SCOTTSDALE, Arizona -- No doubt, you've read and heard plenty about Adam LaRoche's sudden retirement from the White Sox because they changed their minds about how much time LaRoche's son Drake could spend in the Sox clubhouse.
The purpose of this article isn't to rehash all that. Instead, I wanted to examine the issue in general and in particular, how it might pertain to the Cubs clubhouse.
A note, first: White Sox chairman Jerry Reinsdorf issued a statement early Friday afternoon:
"While we appreciate everyone’s attention and interest, we continue to feel that it would be premature to comment at this time. This is an internal issue, and we are in the process of holding a number of discussions with players, staff and the front office. As a result, we do not want to comment until that process is completed.

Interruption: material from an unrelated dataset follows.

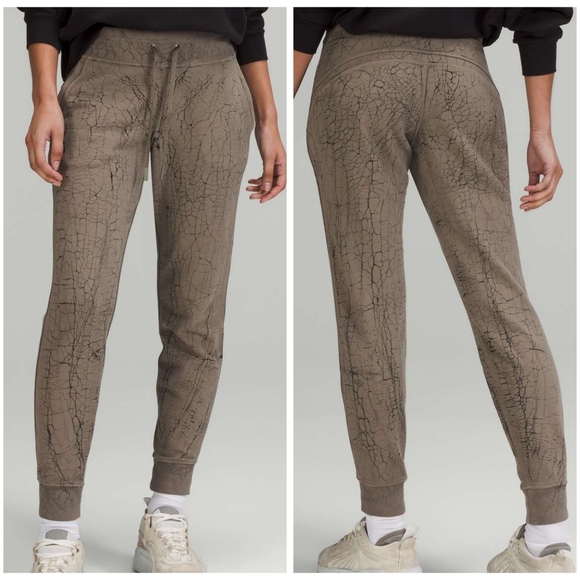 lululemon athletica Pants - Lululemon Warm Down Jogger 7/8 Length Thread Dye Rover Black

I have instructed members of the organization not to talk about this issue and get our focus back on the field and winning baseball games."
So there's that. Now, on to the main topic.
Players' sons have been hanging around big-league clubhouses for decades. Adam LaRoche was, in fact, one of them himself, as his dad Dave LaRoche had a 14-year big-league career, including two (not very successful) years as a Cubs reliever in 1973 and 1974.
Adam LaRoche, though, seems to have taken this to a level not seen before. He was quoted in this Washington Post story three years ago about his son:
"We're not big on school," LaRoche said. "I told my wife, 'He's going to learn a lot more useful information in the clubhouse than he will in the classroom, as far as life lessons.'"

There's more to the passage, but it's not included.